BEGIN

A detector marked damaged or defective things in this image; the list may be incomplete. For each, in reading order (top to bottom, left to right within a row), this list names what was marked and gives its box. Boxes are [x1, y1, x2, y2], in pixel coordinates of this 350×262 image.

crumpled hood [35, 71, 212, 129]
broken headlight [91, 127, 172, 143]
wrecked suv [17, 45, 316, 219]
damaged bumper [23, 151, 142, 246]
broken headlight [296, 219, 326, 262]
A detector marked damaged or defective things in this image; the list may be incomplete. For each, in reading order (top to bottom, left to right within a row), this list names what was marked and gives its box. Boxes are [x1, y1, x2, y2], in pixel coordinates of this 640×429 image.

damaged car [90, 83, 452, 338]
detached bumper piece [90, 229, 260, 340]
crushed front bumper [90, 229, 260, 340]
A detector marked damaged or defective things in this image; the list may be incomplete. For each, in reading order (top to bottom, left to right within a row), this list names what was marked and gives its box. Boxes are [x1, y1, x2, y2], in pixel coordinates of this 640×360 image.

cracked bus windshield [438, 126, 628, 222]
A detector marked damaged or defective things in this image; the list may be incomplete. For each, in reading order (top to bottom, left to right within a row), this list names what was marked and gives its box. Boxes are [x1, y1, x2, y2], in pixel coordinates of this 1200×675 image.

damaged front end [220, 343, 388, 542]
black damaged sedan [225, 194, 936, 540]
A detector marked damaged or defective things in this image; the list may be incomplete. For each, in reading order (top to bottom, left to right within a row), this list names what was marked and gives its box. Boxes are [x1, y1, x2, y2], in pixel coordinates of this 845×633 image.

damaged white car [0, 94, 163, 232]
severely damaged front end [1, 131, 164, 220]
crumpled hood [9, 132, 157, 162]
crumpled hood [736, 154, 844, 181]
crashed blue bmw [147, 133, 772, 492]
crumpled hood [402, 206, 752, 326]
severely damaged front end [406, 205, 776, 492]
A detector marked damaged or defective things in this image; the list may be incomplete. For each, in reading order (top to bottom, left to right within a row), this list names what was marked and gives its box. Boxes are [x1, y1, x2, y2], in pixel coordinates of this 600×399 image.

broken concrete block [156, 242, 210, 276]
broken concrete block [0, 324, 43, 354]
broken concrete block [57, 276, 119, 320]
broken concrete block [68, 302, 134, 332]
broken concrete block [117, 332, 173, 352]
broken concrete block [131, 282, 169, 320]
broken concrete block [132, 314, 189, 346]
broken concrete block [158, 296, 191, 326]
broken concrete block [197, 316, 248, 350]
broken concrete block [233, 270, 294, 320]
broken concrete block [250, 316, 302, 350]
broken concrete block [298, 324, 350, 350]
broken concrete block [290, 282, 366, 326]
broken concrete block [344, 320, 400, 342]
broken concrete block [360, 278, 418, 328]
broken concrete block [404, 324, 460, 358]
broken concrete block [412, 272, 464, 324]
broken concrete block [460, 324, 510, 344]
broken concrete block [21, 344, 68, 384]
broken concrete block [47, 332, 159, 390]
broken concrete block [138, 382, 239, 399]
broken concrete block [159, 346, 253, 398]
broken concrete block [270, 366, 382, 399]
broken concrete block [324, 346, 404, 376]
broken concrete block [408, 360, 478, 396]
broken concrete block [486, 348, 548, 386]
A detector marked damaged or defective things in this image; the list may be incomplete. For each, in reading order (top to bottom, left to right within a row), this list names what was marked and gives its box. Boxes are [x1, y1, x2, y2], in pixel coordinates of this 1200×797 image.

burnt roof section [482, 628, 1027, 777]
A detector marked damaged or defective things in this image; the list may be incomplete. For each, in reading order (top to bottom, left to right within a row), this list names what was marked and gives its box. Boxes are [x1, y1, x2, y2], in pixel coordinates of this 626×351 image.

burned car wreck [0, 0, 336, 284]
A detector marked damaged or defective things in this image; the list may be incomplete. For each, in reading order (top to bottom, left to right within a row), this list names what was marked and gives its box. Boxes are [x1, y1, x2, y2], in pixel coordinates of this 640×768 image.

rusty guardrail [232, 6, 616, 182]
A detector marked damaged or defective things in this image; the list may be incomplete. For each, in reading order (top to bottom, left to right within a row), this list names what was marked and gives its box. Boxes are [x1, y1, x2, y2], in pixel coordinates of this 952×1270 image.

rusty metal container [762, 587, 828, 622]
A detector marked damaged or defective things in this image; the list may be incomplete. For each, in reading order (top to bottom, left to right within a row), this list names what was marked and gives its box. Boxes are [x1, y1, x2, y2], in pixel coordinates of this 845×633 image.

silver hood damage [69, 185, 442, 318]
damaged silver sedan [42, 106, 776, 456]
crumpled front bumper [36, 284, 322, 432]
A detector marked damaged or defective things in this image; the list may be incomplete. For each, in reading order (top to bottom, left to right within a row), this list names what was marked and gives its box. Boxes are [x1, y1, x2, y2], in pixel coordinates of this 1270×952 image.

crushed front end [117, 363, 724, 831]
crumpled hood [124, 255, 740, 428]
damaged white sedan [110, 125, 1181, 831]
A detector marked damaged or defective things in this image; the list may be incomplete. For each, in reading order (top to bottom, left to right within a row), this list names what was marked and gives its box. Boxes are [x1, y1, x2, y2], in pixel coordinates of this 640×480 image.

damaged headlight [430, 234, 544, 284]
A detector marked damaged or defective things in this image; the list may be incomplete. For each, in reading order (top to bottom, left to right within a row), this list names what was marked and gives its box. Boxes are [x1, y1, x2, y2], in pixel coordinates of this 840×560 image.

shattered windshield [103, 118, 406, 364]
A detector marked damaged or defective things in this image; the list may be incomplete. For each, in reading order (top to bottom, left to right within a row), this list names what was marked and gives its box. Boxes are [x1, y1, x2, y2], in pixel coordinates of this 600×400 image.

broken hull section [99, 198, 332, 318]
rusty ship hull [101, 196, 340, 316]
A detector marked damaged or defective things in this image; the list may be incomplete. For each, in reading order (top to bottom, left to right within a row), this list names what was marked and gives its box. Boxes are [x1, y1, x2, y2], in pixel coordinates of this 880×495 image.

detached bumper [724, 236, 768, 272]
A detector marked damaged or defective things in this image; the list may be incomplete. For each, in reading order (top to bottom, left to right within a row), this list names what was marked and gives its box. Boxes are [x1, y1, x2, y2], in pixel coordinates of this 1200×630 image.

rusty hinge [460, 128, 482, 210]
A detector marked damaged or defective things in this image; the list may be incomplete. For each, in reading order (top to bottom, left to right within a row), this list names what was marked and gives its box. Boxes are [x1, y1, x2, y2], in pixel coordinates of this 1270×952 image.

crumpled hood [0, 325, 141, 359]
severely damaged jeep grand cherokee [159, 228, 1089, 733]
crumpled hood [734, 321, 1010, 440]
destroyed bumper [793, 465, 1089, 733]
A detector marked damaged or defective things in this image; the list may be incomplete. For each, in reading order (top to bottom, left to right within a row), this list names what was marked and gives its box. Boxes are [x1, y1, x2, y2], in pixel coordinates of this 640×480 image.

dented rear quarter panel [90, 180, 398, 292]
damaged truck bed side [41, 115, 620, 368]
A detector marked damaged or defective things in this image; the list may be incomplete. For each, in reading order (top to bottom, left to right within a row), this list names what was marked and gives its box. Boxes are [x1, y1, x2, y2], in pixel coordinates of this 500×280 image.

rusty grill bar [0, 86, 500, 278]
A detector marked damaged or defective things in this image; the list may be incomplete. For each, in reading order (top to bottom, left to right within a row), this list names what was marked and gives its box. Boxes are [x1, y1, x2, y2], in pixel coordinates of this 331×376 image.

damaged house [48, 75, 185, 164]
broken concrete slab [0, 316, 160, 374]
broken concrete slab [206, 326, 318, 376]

END

[Instructions to follow] Copy exactly, with no other lines, the stretch of the material that begins at the line containing "this 331×376 image." and ends at its last line.

[Result below]
A detector marked damaged or defective things in this image; the list may be incomplete. For each, in reading order (top to bottom, left to right within a row), this list names what was marked and gives its box. Boxes are [x1, y1, x2, y2], in pixel coordinates of this 331×376 image.

damaged house [48, 75, 185, 164]
broken concrete slab [0, 316, 160, 374]
broken concrete slab [206, 326, 318, 376]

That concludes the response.